The 500 000 case finished in 4 seconds for GenericAffExpr and crashed my julia session for the cases with parameters.

@odow
Copy link
Member

odow commented May 26, 2021

I think your results are getting mixed with when the GC runs.

using JuMP
using ParameterJuMP
using Random

function model_with_params(m)
    model = Model()
    @variable(model, x[1:m])
    @variable(model, y[1:m])
    @variable(model, p[1:m] == 1.0, ParameterJuMP.Param())
    @expression(model, expr[i=1:m], x[i] + y[i] + p[i] + rand())
    col = rand(m)
    @time @constraint(model, sum(col[i] * expr[i] for i in 1:m) == 0.0)
    return
end

function model_without_params(m)
    model = Model()
    @variable(model, x[1:m])
    @variable(model, y[1:m])
    @variable(model, p[1:m] == 1.0)
    @expression(model, expr[i=1:m], x[i] + y[i] + p[i] + rand())
    col = rand(m)
    @time @constraint(model, sum(col[i] * expr[i] for i in 1:m) == 0.0)
    return
end

model_with_params(10)
model_without_params(10)
for i in [100, 1000, 10_000, 50_000, 100_000, 500_000]
    println(i)
    GC.gc()
    model_without_params(i)
    GC.gc()
    model_with_params(i)
end

Yields

100
  0.000066 seconds (33 allocations: 35.188 KiB)
  0.000130 seconds (102 allocations: 69.453 KiB)
1000
  0.000607 seconds (45 allocations: 299.047 KiB)
  0.001099 seconds (137 allocations: 543.016 KiB)
10000
  0.006241 seconds (57 allocations: 3.534 MiB)
  0.027691 seconds (184 allocations: 6.740 MiB, 53.47% gc time)
50000
  0.038874 seconds (65 allocations: 13.946 MiB)
  0.072116 seconds (214 allocations: 29.975 MiB)
100000
  0.081927 seconds (70 allocations: 25.032 MiB)
  0.178597 seconds (228 allocations: 51.979 MiB)
500000
  0.631749 seconds (79 allocations: 116.645 MiB)
  1.029031 seconds (259 allocations: 202.852 MiB)

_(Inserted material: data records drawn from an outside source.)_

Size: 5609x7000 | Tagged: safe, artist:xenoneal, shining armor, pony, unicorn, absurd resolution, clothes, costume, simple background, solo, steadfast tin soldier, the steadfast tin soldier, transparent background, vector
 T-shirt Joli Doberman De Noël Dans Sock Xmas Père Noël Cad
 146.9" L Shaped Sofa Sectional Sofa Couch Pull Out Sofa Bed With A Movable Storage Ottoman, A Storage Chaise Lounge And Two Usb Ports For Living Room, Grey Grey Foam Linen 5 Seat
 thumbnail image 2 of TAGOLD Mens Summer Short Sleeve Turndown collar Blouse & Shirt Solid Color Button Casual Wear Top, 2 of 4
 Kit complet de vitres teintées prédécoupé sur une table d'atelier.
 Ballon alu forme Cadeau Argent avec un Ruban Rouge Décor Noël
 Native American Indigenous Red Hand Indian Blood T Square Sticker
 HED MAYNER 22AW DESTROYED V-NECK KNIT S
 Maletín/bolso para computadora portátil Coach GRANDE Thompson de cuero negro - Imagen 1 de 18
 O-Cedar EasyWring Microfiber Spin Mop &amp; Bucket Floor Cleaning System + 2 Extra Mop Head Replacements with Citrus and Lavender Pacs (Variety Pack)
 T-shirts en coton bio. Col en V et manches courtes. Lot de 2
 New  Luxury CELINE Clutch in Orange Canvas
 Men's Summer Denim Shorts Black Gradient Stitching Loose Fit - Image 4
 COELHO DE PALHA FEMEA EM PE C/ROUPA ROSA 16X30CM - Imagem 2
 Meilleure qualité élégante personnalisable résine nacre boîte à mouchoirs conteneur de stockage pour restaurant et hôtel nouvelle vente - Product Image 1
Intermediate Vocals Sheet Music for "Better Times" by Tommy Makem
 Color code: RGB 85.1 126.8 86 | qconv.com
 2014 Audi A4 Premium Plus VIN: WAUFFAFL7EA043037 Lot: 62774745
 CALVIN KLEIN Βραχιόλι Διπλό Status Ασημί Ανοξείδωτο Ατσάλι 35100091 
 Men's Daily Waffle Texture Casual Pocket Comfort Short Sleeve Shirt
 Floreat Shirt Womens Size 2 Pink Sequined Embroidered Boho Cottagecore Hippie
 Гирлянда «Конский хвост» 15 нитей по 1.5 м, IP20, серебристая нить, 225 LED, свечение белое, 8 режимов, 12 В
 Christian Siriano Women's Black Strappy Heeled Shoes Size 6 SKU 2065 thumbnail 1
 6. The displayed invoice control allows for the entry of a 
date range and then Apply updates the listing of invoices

So there is a ~2x penalty to using parameters. Which makes sense: every expression has two dictionaries.

@jd-lara
Copy link
Contributor Author

jd-lara commented May 26, 2021

Thanks, that makes sense.

@odow
Copy link
Member

odow commented May 26, 2021

@jd-lara can you try the following instead?

Replace

@constraint(m, sum(col[i]*expression_container[i, 1] for i in 1:size_1) == 0.0)

with

ex = @expression(m, sum(col[i]*expression_container[i, 1] for i in 1:size_1))
c = ScalarConstraint(ex, MOI.EqualTo(0.0))
add_constraint(m, c, "")

@jd-lara
Copy link
Contributor Author

jd-lara commented May 28, 2021

@odow I have updated the test as follows:

using JuMP
using ParameterJuMP
using Random

function _make_constraint(model::JuMP.Model, col::Vector{Float64}, expression_container::JuMP.Containers.DenseAxisArray{ParameterJuMP.ParametrizedGenericAffExpr{Float64, JuMP.VariableRef}}, size_1::Int)
    ex = @expression(model, sum(col[i]*expression_container[i, 1] for i in 1:size_1))
    c = ScalarConstraint(ex, MOI.EqualTo(0.0))
    add_constraint(model, c, "")
end

function _make_constraint(model::JuMP.Model, col::Vector{Float64}, expression_container::JuMP.Containers.DenseAxisArray{JuMP.GenericAffExpr{Float64, JuMP.VariableRef}}, size_1::Int)
    ex = @expression(model, sum(col[i]*expression_container[i, 1] for i in 1:size_1))
    c = ScalarConstraint(ex, MOI.EqualTo(0.0))
    add_constraint(model, c, "")
end

function model_with_params(size_1, size_2)
    m = Model()
    ParameterJuMP.enable_parameters(m)

    set_names_1 = [randstring() for _ in 1:size_1]
    set_names_2 = [randstring() for _ in 1:size_1]
    time = 1:size_2

    z = @variable(m, [v in set_names_1, t in time])
    x = @variable(m, [v in set_names_2, t in time])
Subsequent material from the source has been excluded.